We performed an analysis of the predefined text queries using part-of-speech (POS) tagging from NLTK [41], using a coarser grouping (10 types) of the POS tags. The queries range in length from 3 to 16 words, and the typical query contains 3 nouns and 1–2 verbs. A plot of the POS tags is shown in Fig. 1.

4 Analysis

During the system evaluation, each team maintained a record of user queries and the corresponding results for each task. In this section, we present a comprehensive analysis of these logs to gain a more in-depth understanding of system performance and user-interaction during the KIS tasks.
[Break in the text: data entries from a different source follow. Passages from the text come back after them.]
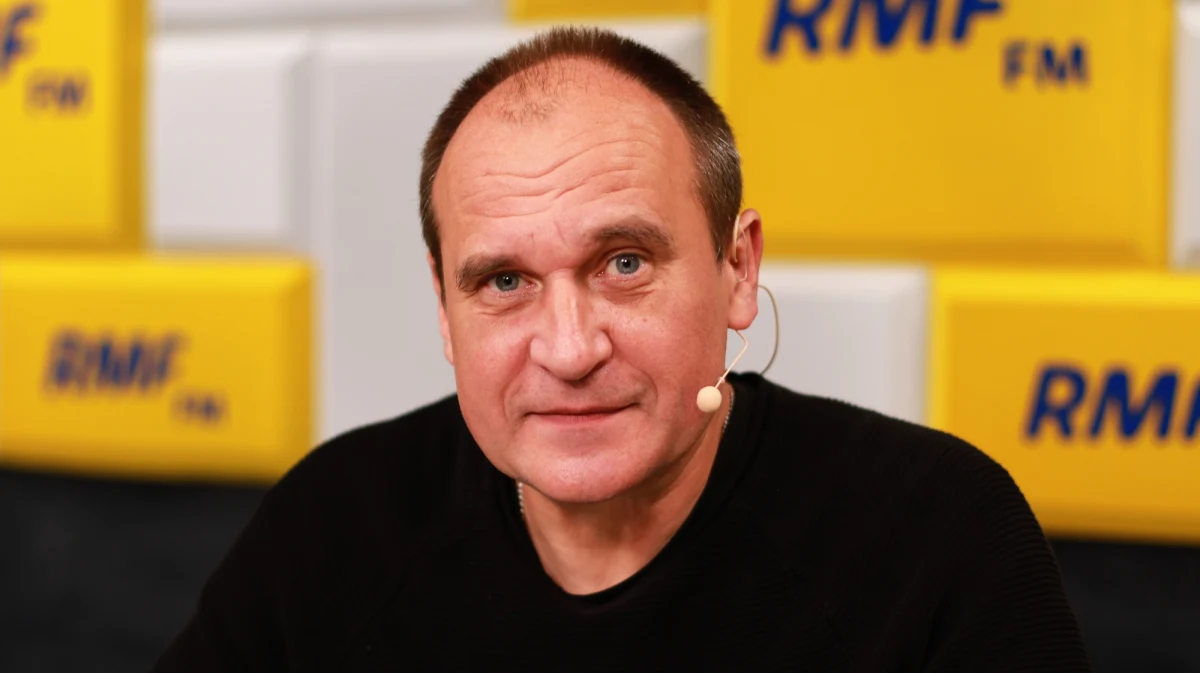 „Życzę panu Giertychowi zdrowia, ale dla mnie osobiście nawet zatrzymanie papieża nie byłoby przykrywką dla stanu związanego z Covid-19 w Polsce. Oprócz zdrowia życzę troszeczkę skromności” – komentował zatrzymanie Romana Giertycha w Porannej rozmowie w RMF FM Paweł Kukiz.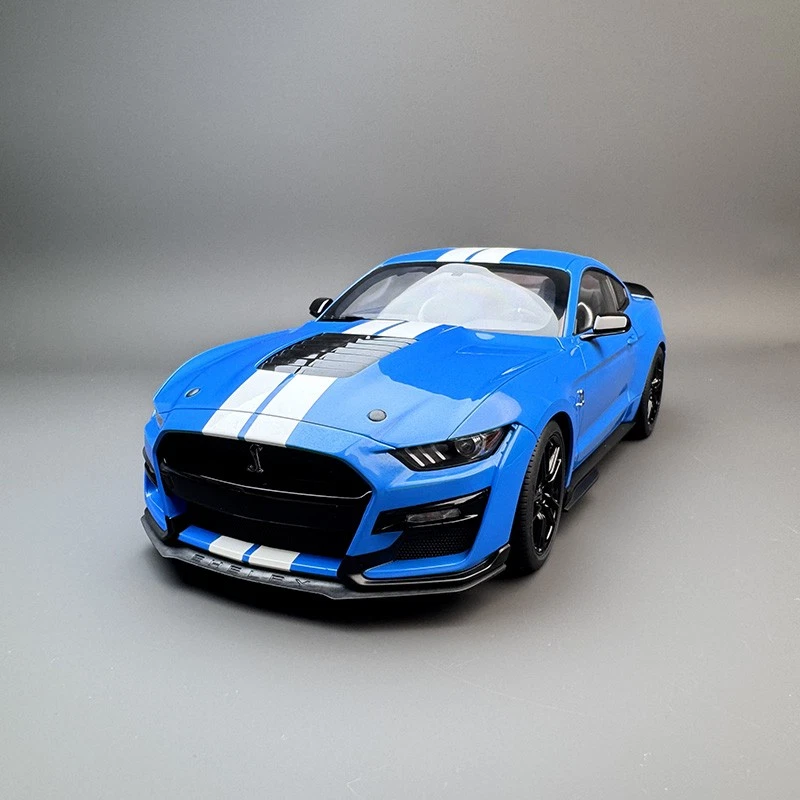 AUTOART 1:18 FORD MUSHANG SHELBY GT500 Car Model - Image 1 of 4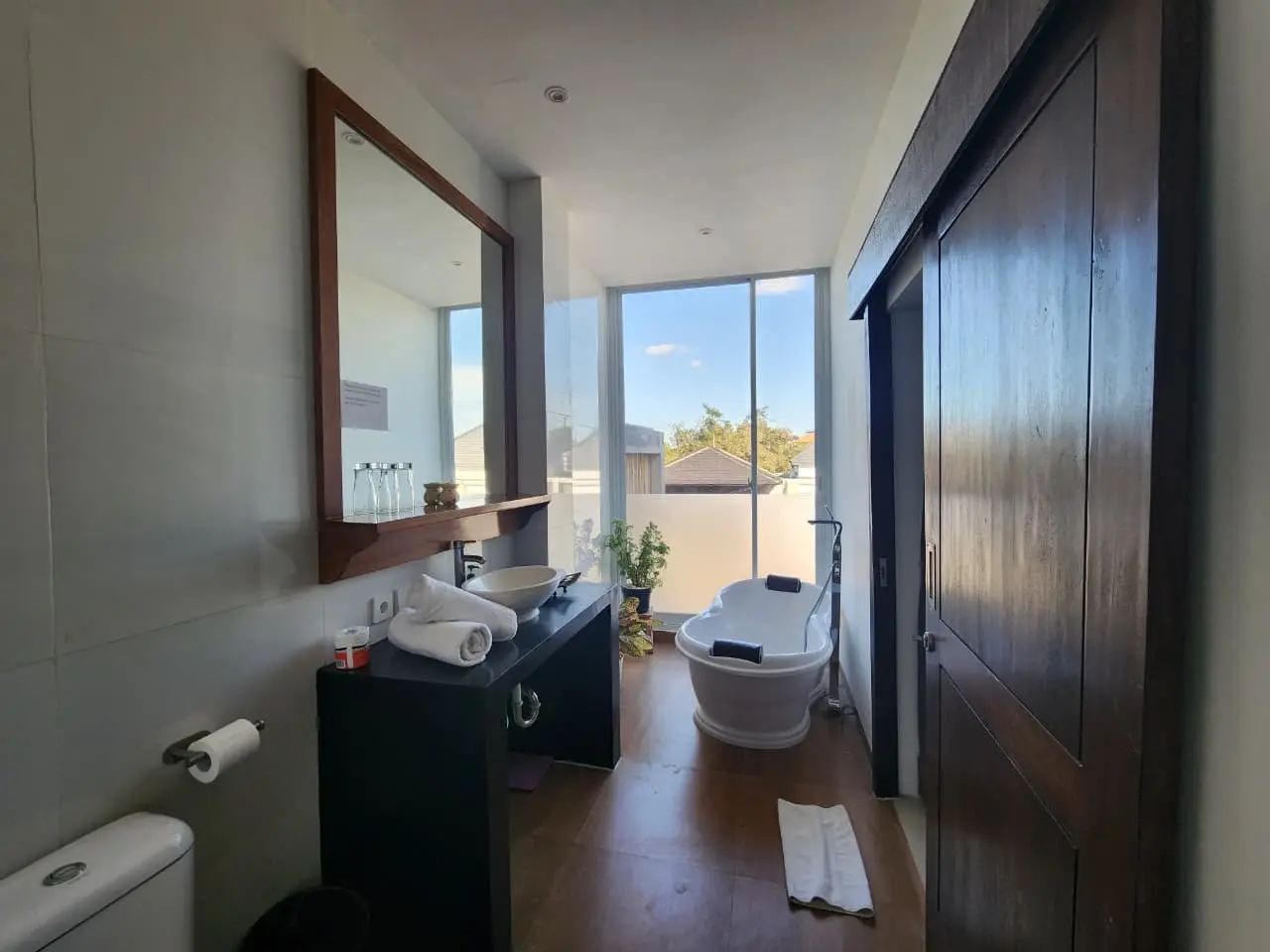 NEWLY RENOVATED - 2 Bedroom Modern Pool Villa in CANGGU, 2-bed villa for rent in Canggu – photo 11 of 15
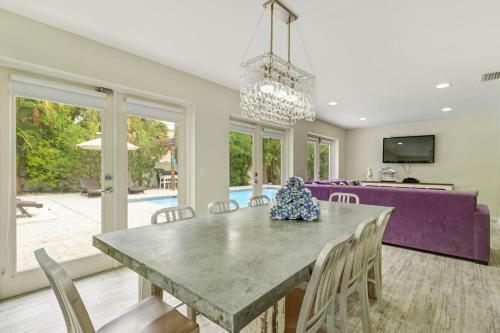 Sugar Plum Hideaway West
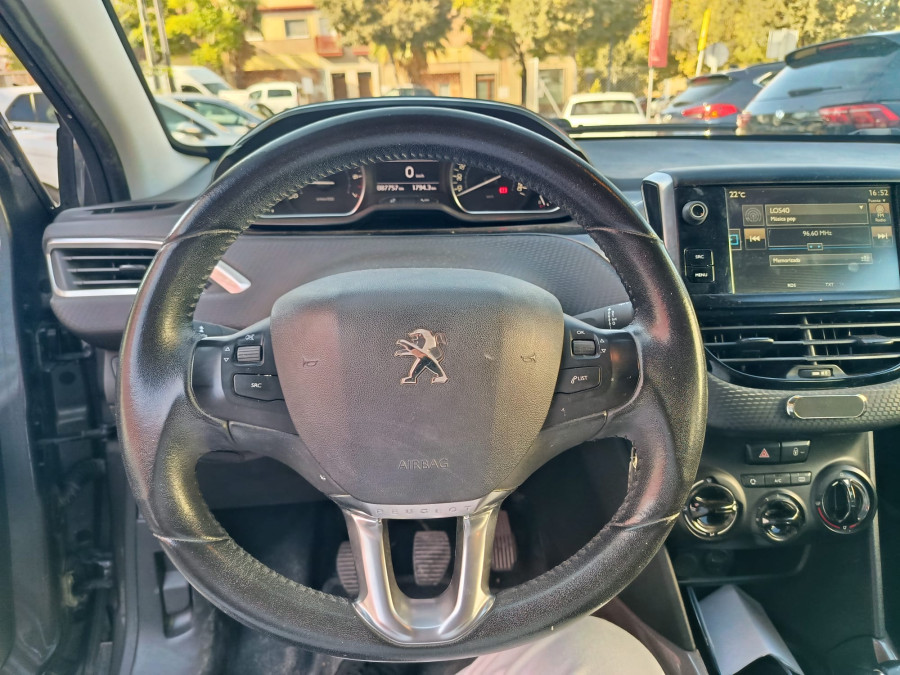 Imagen de Peugeot 2008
The logs are structured in JSON format, and each log contains details such as the team user identifier, timestamp, query description, and a list of ranked items retrieved by the systems for each specific query. To ensure data accuracy, we verified the consistency and synchronization of timestamps with the DRES local time and we filtered out records not related to active tasks. However, it is essential to acknowledge that circumstances beyond our control may have led to incomplete logs. For instance, Visione encountered issues recording logs of a single user in two tasks where the user did not submit any results. Furthermore, teams logged retrieved results up to a maximum rank of 10,000, but in certain cases, especially when using filters, the maximum rank may be less than 10,000 in the log files. As a result, the analysis using these logs should be considered an estimation of the system performance.

4.1 Overall results

Let us start with a simple binary metric, namely whether the user was able to solve a given task within the time limit. Of the 228 user-task pairs in total, vibro, CVHunter and Visione users managed to solve 199, 198, and 198 tasks, respectively. We can therefore conclude that there were no significant differences w.r.t. binary solved tasks metric and focus on the capability of individual tools to provide correct answers quickly and reliably.
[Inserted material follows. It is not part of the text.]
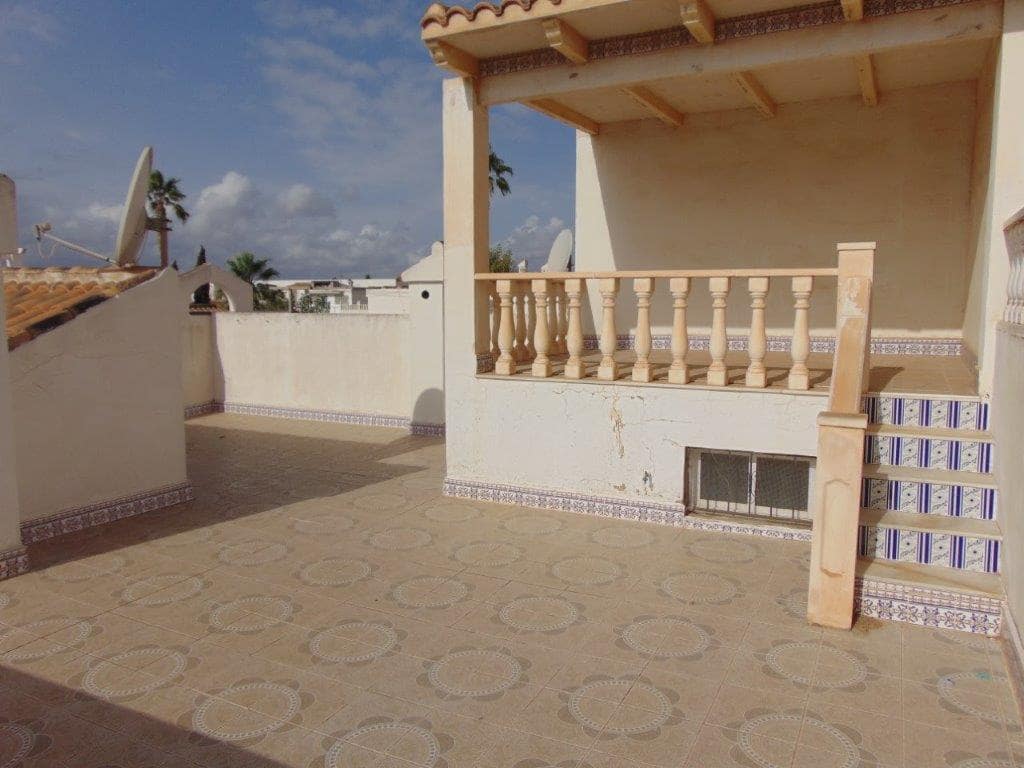 2 bedroom Terraced Villa for sale in Los Alcazares with garage - € 135,000 (Ref: 7786465)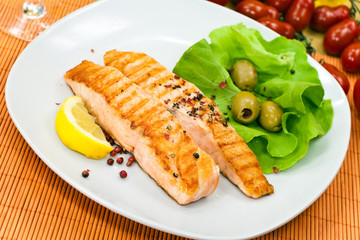 gegrillte lachs - steaks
For this, we used the same metric as in the VBS competition, denoted as VBS score. First, we focused on results, if all users solved the tasks independently. The mean per-user VBS scores were 73.02, 72.58, and 73.38 for vibro, CVHunter and Visione users (no statistically significant differences were found). Finally, we focused on the same scenario as in VBS competitions, i.e., all users of a single tool play as a team, and the score of the fastest team member (who found the correct solution for the task) is considered as the team score. With these settings, the mean per-team VBS scores were 87.85, 85.77, and 78.84 for vibro, CVHunter and Visione. The differences were statistically significant between vibro and Visione (p value: 0.006 w.r.t. one-sided paired t test), and between CVHunter and Visione (p value: 0.049).

We also conducted a bootstrap analysis to verify the significance of the results and to estimate the necessary study sizes to reliably distinguish the performance of individual approaches. In particular, we draw k tasks, \(1\le k\le 200\) with repetition and calculated total per-team VBS scores for these tasks. Then, we evaluated whether each team was better than the other two. For each k, the task selection was repeated 500 times, and we report the percentage of cases, where one team was better than the other. Results of the bootstrap analysis confirmed the t test values when we sampled the same volume of tasks as in the actual volume of evaluated tasks (i.e., \(k=57\)). For these settings, vibro was better than CVHunter in 82% of cases and better than Visione in 100% of cases, while CVHunter was better than Visione in 95% of cases. The minimal necessary size of the study to reliably distinguish between vibro and Visione (w.r.t. 95% confidence) was \(\sim 20\) tasks. In order to estimate the necessary size of the study, where we can reliably distinguish vibro and CVHunter, one would need to extend far beyond the size of the conducted study. In particular, the bootstrap analysis suggests that the required study size would be \(\sim 160\) tasks.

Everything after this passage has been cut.